Patients in all three studies met primary endpoints for reductions in baseline Hba1C as follows:
- Study one: placebo subtracted mean changes in Hba1c were -0.35 in 2.5 mg dapagliflozin group; -0.54 in the 5 mg group and -0.66 in the 10 mg group.
- Study two: -0.44 in the 2.5 mg dapagliflozin group; -0.49 in the 5 mg group and -0.68 in the 10 mg group.
- Study three: -0.38 in the 2.5 mg dapagliflozin group; -0.41 in the 5 mg group and -0.54 in the 10 mg group.
Patients assigned to dapagliflozin as add-on therapy with either glimepiride and metformin also met secondary endpoints for statistically significant weight loss, with placebo-subtracted mean changes in baseline ranging from -0.8 to -1.5 kg among patients that received either 5 mg or 10 mg doses of dapagliflozin with glimepiride, and -1.3 to -2.2 kg among patients that received any dose of dapagliflozin with metformin.

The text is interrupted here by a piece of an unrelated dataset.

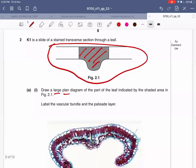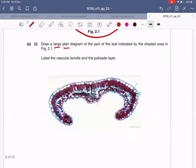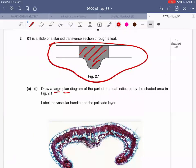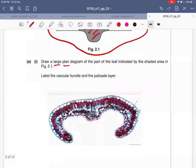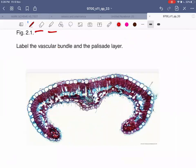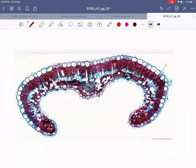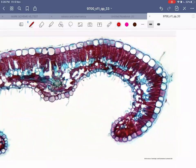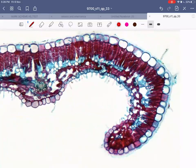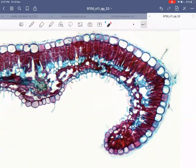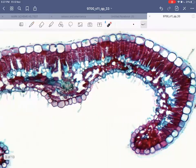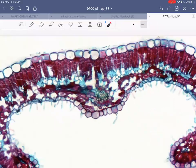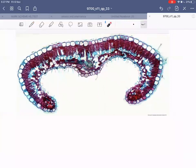The question also says to label the vascular bundle and the palisade layer. Looking at the transverse section of the leaf, there are many evidences that tell you it's a leaf - you can see the upper epidermis, the lower epidermis, the palisade mesophyll, and the spongy mesophyll cells which are scattered with lots of air spaces in between. Somewhere in the middle you can see the vascular bundle with the xylem and phloem.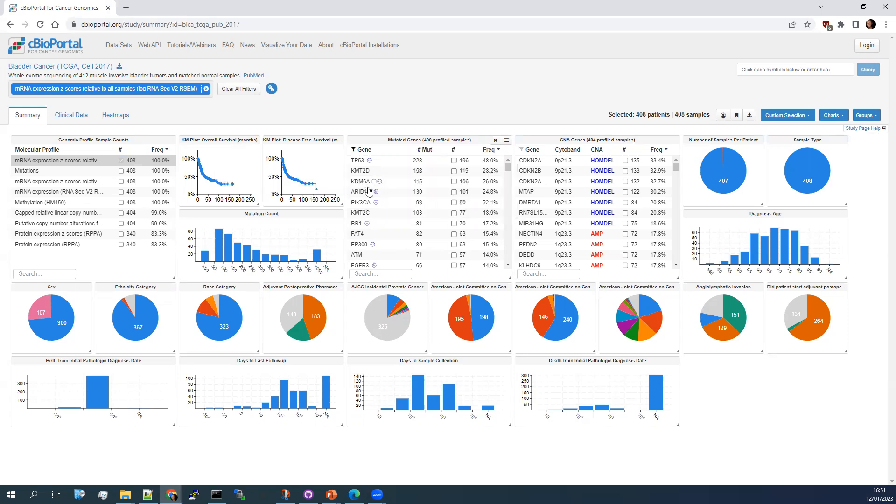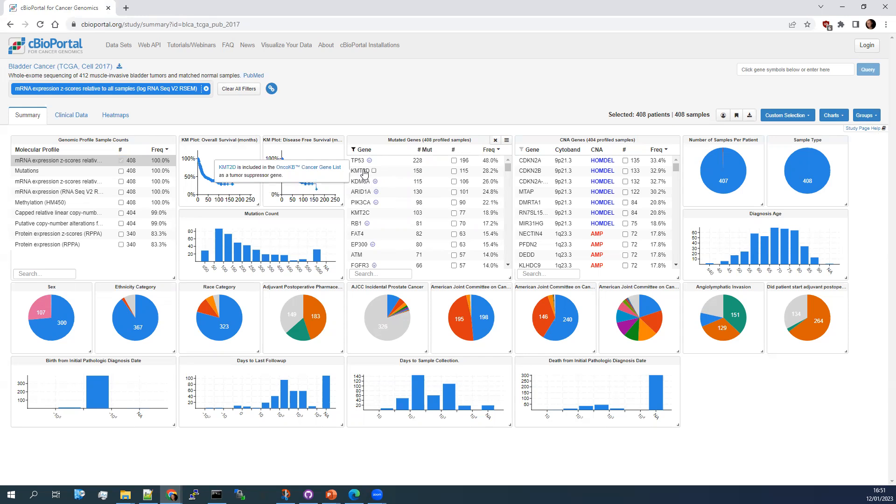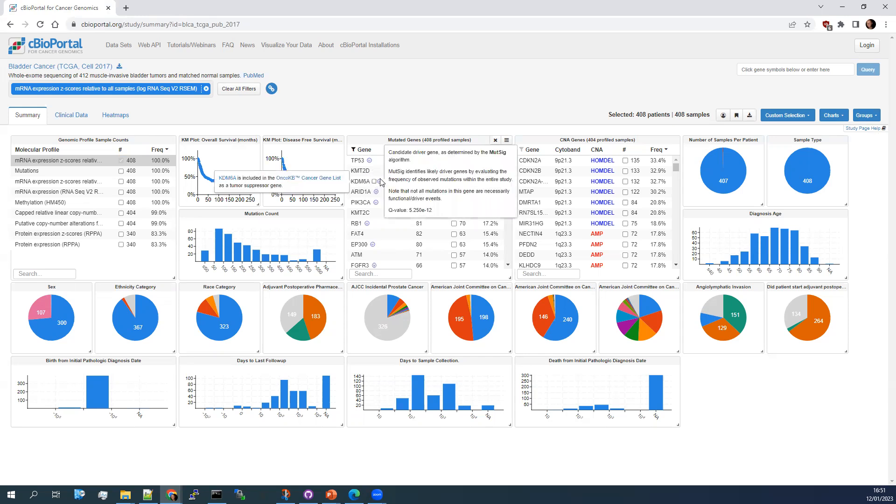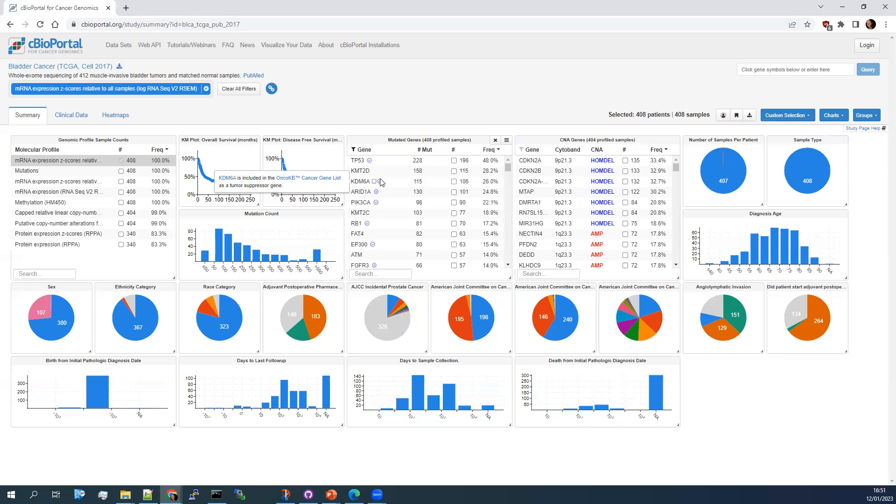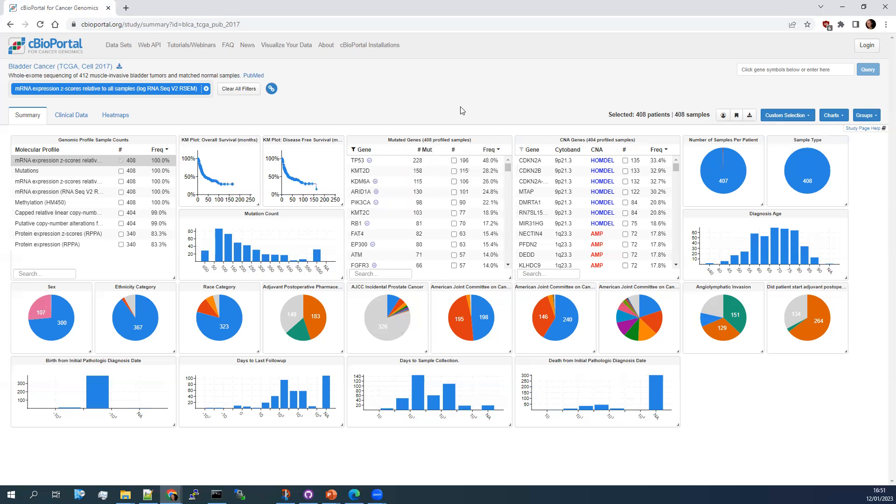So for bladder cancer, for example, KDM6A and KMT2D, both of them do quite a similar job in terms of knocking out a particular complex. KMT2D is not down in this list because of the way it's mutated. You'll notice as well a difference here between the numbers of mutations and the number of patients with a mutation. That means, as you might expect, that some patients have multiple mutations in the same gene.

Across all studies, patients assigned to dapagliflozin experienced mean absolute decreases in seated systolic BP ranging from -2.1 to -5.2 mm Hg vs. -0.2 to -1.6 mm Hg in placebo groups.
Rates of hypoglycemic events, adverse events and study discontinuations were similar across all treatment groups. “There were increased reports of signs, symptoms and events suggestive of genital infection in all dapagliflozin groups in all three studies and of urinary tract infections in dapagliflozin groups in study one,” the researchers wrote. “There were, however, no treatment-related discontinuations for genital and urinary tract infections.”